Go through the listing below from its first line and repeat each line exactly, ending at the line containing "Ledarmy LED Kanal" and including it.
======== DATASET CONTENT ========
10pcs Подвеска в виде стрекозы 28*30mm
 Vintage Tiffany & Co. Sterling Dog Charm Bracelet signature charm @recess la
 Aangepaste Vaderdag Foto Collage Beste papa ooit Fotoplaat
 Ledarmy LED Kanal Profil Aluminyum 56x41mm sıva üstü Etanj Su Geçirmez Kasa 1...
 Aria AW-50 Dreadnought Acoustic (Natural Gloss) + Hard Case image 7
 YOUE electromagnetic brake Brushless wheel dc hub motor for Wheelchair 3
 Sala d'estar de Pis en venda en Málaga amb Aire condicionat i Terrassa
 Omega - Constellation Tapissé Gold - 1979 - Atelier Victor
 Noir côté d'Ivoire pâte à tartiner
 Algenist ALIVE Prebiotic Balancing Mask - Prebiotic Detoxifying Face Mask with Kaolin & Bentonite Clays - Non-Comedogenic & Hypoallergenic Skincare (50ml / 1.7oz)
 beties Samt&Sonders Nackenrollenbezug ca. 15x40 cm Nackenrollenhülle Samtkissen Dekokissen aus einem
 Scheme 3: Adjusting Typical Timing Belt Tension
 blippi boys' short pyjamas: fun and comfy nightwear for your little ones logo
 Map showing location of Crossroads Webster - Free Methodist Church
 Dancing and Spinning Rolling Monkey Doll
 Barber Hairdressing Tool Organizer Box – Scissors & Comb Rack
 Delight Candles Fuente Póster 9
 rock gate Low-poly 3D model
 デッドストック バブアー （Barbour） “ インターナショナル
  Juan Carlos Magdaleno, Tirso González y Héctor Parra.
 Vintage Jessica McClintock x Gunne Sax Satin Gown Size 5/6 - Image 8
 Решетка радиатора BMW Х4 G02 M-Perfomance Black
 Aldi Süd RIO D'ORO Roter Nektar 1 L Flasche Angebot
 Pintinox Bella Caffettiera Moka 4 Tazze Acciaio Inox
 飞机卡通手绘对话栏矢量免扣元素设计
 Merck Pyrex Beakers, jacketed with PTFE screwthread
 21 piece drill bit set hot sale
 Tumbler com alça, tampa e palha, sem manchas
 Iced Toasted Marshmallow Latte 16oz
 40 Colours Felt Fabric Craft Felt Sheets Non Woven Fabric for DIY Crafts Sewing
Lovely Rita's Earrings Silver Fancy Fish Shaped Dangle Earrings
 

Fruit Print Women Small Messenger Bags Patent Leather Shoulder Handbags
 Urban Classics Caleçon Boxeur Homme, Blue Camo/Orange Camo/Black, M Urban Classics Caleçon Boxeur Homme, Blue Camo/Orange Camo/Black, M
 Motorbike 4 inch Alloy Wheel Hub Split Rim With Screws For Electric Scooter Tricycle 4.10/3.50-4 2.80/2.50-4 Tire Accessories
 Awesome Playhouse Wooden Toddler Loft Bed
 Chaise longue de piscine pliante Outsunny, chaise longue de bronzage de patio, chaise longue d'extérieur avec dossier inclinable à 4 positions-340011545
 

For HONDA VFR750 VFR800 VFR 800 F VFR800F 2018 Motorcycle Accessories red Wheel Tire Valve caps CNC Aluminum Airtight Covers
========
■ RESPONSE TO THIS TASK ■
10pcs Подвеска в виде стрекозы 28*30mm
 Vintage Tiffany & Co. Sterling Dog Charm Bracelet signature charm @recess la
 Aangepaste Vaderdag Foto Collage Beste papa ooit Fotoplaat
 Ledarmy LED Kanal Profil Aluminyum 56x41mm sıva üstü Etanj Su Geçirmez Kasa 1...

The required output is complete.